▸ **TASK INPUT**
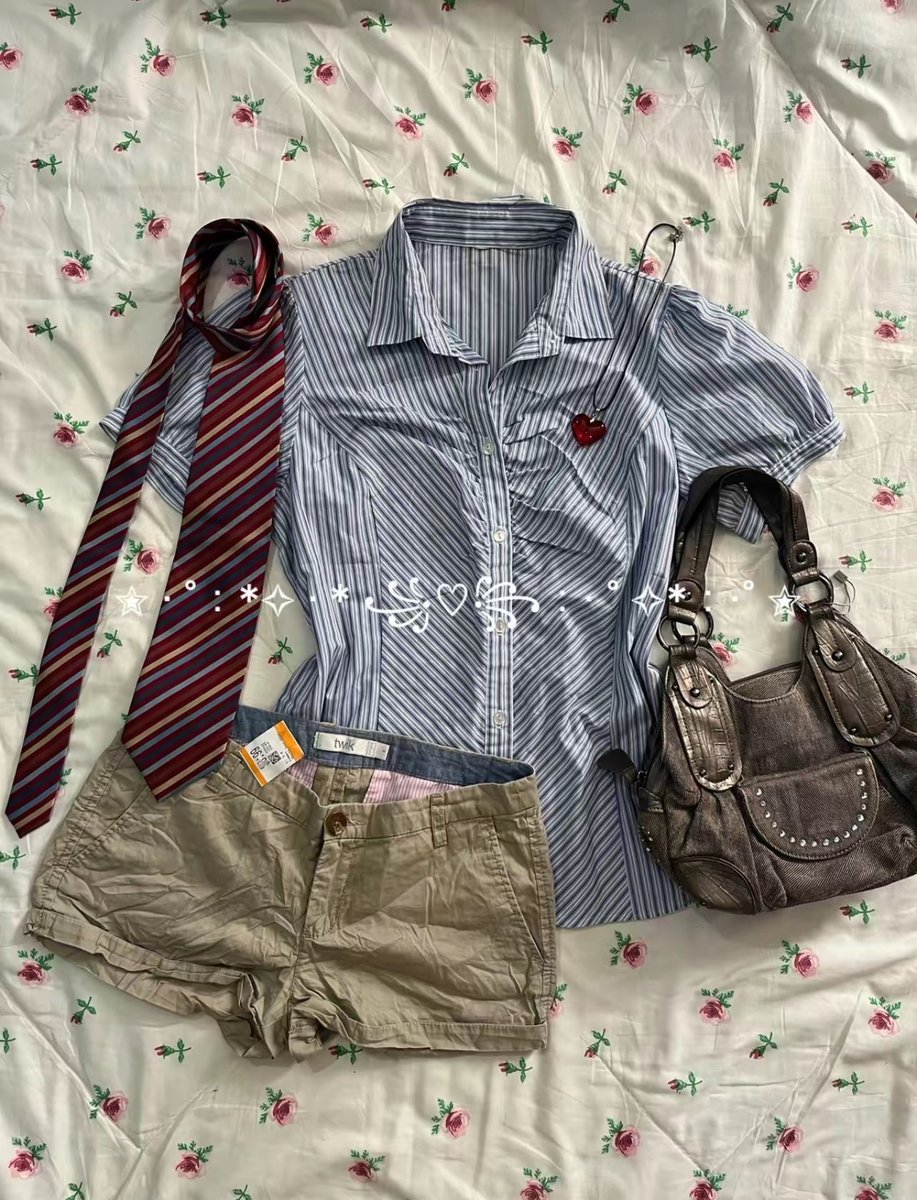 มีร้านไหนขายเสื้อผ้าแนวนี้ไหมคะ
---
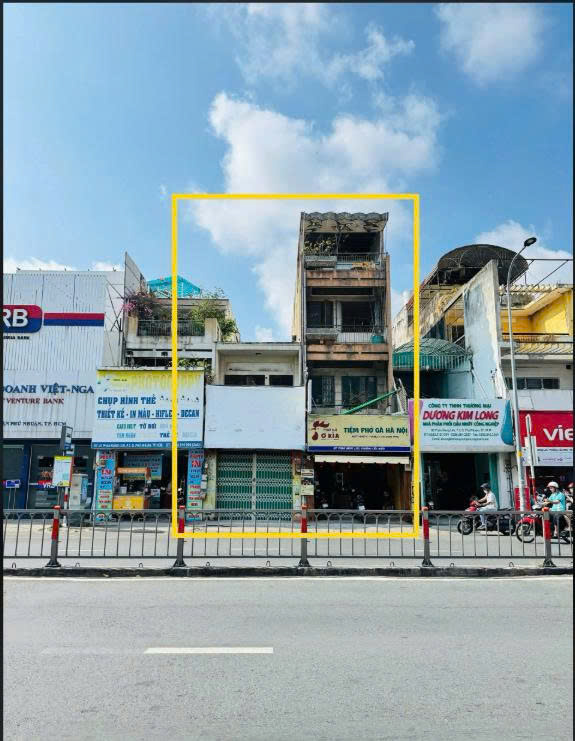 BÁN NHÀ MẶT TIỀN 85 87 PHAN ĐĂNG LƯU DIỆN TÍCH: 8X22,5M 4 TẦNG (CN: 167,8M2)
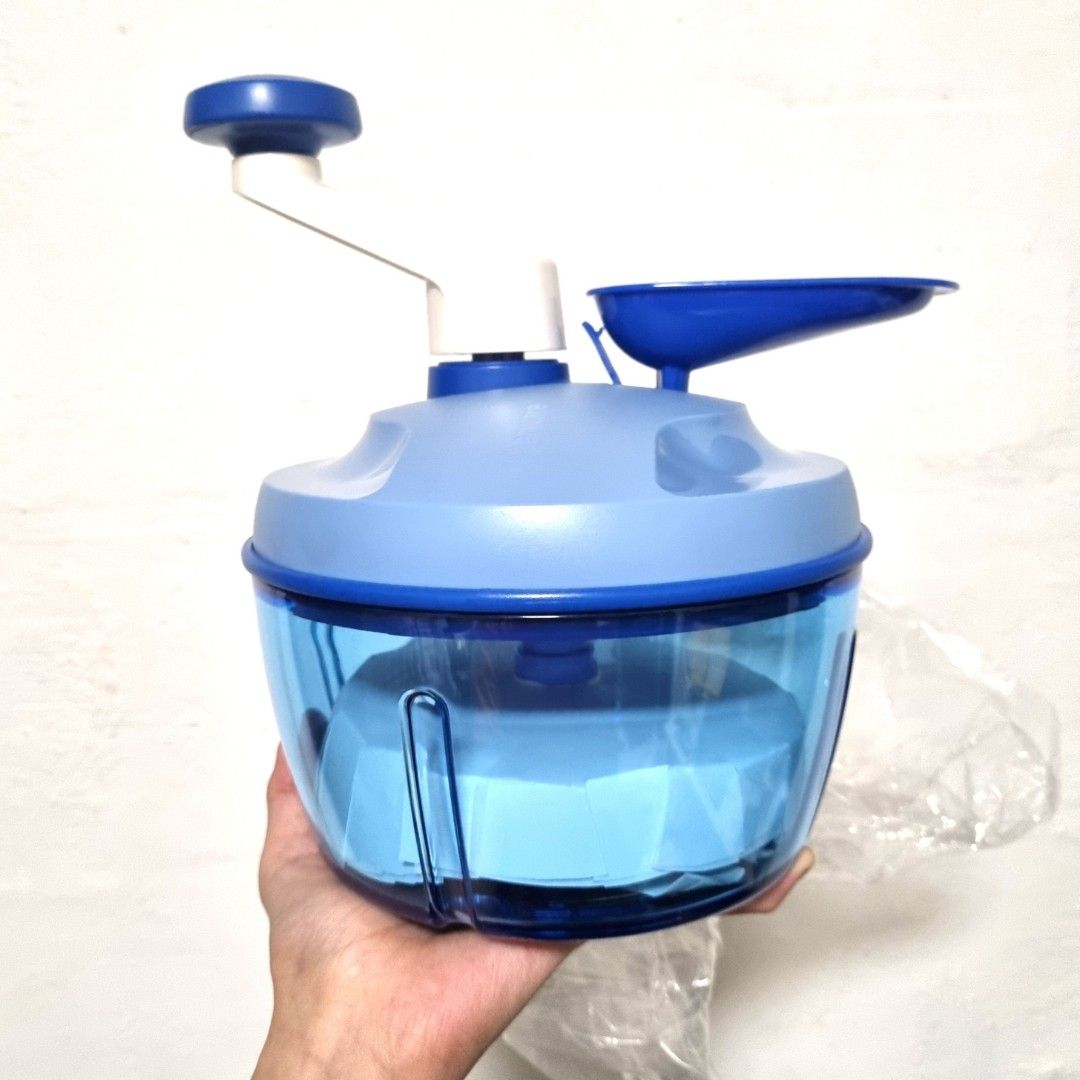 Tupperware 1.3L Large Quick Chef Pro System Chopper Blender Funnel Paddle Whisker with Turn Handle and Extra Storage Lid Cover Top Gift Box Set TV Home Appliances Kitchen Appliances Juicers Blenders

▸ **PROMPT**
Return exactly the stretch above whose first line contains "BÁN NHÀ MẶT" and whose last line contains "Tupperware 1.3L Large", and nothing outside it. The pictures should not appear.

▸ **TASK ANSWER**
 BÁN NHÀ MẶT TIỀN 85 87 PHAN ĐĂNG LƯU DIỆN TÍCH: 8X22,5M 4 TẦNG (CN: 167,8M2)
 Tupperware 1.3L Large Quick Chef Pro System Chopper Blender Funnel Paddle Whisker with Turn Handle and Extra Storage Lid Cover Top Gift Box Set TV Home Appliances Kitchen Appliances Juicers Blenders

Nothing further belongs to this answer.